What the exercise asks
Set out exactly every line of the entries below, starting at the line that holds "Imagem ilustrativa da" and stopping after the line that holds "Bathroom-Upper".

────────────────────────────────────────

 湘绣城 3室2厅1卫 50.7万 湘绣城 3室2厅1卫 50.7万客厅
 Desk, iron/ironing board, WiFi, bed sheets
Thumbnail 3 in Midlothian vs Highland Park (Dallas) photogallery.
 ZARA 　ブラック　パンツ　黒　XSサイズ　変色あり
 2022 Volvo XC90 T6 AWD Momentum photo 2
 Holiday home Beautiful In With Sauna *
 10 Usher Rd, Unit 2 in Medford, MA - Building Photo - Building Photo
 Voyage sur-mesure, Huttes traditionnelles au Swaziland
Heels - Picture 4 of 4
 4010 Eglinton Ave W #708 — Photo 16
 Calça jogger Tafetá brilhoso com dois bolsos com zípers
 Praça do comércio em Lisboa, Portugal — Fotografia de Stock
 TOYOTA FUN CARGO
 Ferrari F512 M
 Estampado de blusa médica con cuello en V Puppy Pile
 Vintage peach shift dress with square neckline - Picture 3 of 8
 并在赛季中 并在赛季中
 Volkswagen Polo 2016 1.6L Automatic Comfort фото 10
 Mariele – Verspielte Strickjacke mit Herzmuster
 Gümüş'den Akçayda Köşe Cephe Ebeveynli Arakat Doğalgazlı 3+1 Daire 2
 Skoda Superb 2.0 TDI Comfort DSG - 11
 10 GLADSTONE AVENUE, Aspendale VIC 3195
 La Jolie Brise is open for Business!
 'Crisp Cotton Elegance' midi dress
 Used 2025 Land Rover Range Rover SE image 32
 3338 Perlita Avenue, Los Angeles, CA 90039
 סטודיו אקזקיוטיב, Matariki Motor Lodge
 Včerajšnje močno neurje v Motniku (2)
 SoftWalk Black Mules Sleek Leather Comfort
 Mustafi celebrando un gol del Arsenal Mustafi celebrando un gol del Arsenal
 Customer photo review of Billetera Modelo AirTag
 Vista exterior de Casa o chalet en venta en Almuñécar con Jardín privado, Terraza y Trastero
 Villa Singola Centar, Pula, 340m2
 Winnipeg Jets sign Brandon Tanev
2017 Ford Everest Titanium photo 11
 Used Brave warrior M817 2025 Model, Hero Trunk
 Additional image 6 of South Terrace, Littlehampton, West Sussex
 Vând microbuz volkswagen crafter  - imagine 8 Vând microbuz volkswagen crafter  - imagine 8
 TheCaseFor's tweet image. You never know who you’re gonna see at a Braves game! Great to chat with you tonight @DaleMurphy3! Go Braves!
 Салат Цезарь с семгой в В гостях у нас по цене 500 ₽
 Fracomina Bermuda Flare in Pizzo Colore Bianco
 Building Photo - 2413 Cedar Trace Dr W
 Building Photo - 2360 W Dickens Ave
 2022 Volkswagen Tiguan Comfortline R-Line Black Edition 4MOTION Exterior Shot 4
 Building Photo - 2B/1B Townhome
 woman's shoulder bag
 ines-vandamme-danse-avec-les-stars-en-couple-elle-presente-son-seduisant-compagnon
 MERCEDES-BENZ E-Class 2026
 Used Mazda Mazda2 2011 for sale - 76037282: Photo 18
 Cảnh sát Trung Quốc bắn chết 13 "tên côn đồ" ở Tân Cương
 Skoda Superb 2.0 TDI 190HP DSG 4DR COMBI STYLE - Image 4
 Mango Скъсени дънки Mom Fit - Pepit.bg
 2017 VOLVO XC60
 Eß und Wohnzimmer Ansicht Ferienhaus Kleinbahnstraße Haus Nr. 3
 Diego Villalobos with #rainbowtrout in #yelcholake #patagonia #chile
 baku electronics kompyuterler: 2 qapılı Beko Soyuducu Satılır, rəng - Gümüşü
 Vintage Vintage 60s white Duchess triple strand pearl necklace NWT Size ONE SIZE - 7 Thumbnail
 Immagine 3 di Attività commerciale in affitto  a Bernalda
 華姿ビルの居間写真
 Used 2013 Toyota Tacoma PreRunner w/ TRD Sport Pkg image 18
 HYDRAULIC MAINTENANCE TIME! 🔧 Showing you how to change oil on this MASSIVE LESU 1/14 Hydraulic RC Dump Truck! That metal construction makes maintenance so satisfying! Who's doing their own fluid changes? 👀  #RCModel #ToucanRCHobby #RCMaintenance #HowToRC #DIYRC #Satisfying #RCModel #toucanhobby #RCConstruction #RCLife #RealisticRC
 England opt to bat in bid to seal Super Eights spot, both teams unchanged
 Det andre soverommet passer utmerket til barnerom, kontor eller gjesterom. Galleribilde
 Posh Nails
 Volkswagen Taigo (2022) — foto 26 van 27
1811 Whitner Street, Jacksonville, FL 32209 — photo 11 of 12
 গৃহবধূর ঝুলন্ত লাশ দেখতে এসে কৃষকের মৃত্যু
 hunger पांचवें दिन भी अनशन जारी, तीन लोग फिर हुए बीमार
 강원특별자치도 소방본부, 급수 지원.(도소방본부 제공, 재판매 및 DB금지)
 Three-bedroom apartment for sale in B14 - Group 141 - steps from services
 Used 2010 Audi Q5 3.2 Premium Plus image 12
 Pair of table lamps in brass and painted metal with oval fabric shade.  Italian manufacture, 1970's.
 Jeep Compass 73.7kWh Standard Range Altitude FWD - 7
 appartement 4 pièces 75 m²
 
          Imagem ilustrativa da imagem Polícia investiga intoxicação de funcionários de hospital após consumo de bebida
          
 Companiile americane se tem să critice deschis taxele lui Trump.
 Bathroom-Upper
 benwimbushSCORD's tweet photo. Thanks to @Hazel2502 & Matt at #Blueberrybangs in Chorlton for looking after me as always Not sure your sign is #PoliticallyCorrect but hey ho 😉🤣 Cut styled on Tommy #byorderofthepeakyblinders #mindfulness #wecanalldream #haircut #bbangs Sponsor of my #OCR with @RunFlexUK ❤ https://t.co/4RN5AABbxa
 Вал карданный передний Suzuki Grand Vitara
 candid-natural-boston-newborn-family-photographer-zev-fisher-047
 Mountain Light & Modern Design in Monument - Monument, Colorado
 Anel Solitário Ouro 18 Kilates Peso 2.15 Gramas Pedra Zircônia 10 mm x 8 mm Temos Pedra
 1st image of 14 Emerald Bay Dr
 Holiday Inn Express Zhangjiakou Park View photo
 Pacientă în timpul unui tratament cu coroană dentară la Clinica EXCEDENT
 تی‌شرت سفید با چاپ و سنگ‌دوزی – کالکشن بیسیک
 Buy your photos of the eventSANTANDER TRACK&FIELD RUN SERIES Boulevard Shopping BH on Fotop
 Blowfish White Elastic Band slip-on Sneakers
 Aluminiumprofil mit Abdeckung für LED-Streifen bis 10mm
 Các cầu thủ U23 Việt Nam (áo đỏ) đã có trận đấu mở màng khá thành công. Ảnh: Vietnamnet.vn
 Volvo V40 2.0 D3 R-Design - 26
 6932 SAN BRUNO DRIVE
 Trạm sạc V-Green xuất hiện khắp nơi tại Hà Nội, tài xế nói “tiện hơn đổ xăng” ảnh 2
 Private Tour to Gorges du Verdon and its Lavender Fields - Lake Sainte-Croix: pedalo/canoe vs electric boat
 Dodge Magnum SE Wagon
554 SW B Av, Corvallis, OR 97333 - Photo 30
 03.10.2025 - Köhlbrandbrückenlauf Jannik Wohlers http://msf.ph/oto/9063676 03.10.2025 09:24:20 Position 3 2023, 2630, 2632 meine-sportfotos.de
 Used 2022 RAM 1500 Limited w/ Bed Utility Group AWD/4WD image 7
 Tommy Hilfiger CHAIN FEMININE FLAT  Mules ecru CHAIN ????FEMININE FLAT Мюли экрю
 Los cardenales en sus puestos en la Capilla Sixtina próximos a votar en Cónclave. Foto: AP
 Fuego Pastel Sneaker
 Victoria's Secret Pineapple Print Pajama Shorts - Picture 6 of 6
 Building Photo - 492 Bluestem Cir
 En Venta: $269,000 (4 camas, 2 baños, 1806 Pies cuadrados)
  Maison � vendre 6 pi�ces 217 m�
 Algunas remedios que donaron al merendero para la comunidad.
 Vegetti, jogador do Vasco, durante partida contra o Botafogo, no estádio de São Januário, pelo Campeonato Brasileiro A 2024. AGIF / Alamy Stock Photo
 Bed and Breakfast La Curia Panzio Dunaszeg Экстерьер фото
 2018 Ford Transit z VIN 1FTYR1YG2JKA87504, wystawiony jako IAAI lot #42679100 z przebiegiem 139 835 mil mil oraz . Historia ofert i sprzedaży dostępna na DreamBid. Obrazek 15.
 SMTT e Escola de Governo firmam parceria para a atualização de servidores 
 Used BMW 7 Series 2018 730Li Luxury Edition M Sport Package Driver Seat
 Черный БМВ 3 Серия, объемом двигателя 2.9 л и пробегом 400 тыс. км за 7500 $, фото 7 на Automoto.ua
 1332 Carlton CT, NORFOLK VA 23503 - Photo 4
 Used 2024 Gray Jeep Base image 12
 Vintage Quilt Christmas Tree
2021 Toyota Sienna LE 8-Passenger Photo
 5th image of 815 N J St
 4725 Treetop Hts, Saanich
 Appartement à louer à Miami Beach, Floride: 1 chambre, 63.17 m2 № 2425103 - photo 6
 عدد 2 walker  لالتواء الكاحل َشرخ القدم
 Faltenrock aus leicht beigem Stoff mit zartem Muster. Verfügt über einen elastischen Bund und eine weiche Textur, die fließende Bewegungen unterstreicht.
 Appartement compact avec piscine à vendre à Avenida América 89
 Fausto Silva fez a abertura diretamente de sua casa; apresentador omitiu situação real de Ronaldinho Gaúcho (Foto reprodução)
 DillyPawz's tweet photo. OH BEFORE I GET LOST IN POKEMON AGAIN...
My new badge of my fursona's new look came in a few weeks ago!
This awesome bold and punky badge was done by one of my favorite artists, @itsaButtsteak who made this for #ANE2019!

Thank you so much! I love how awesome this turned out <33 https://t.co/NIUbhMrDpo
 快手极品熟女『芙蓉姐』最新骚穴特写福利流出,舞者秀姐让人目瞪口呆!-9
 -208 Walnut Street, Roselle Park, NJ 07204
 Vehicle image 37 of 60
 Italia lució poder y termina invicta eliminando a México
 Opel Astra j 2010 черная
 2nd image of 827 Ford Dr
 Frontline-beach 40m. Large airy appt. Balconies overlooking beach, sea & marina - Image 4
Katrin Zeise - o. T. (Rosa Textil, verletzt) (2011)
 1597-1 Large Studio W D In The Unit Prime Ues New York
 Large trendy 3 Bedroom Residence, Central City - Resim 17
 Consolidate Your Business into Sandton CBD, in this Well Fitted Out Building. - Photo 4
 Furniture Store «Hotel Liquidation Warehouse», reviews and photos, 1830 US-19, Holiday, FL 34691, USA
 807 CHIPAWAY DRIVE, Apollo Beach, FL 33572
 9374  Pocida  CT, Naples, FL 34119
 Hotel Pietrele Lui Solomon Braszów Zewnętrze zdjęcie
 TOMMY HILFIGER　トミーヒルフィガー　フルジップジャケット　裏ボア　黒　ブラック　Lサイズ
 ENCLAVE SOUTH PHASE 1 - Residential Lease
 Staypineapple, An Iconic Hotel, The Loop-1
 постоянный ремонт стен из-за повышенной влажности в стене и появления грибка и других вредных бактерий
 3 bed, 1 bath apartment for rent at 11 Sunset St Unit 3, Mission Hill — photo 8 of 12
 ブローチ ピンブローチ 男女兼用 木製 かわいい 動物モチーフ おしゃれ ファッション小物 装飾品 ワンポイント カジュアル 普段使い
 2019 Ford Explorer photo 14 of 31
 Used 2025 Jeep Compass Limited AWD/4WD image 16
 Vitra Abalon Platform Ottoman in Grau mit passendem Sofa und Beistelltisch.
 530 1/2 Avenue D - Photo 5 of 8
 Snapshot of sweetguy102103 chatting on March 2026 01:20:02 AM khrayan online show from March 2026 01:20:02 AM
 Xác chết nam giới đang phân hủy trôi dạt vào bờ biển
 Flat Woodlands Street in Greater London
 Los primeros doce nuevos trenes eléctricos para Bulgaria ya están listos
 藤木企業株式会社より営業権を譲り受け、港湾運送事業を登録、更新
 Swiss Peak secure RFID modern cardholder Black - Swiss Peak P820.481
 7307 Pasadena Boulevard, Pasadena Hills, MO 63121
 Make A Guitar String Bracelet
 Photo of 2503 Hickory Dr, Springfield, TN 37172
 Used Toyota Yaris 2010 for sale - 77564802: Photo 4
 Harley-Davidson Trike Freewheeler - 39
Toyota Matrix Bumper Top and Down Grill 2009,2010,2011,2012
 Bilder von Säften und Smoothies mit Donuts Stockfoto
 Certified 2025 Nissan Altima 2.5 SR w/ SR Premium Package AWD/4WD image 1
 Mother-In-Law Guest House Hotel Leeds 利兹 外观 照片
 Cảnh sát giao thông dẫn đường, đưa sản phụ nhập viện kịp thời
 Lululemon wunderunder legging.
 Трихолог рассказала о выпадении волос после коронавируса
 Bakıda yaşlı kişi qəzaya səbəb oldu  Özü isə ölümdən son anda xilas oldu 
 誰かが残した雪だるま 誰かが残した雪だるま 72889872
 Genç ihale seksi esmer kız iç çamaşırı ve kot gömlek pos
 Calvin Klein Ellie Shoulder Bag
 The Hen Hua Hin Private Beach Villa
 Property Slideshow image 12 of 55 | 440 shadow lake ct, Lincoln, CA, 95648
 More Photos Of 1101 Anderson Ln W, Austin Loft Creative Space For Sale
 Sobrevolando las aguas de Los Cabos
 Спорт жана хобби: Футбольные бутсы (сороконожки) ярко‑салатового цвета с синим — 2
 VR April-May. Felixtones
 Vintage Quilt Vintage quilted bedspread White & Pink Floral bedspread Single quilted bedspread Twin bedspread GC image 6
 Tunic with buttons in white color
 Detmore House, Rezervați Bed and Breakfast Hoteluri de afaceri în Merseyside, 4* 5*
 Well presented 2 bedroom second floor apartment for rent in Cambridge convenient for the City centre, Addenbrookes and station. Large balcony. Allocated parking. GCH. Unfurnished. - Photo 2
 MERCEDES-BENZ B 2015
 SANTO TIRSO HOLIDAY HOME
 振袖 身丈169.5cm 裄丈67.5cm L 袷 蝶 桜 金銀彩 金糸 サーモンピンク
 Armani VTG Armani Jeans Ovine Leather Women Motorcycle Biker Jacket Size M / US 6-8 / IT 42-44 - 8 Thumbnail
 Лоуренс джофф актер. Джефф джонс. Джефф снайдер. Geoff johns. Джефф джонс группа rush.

────────────────────────────────────────

Answer box
          Imagem ilustrativa da imagem Polícia investiga intoxicação de funcionários de hospital após consumo de bebida
          
 Companiile americane se tem să critice deschis taxele lui Trump.
 Bathroom-Upper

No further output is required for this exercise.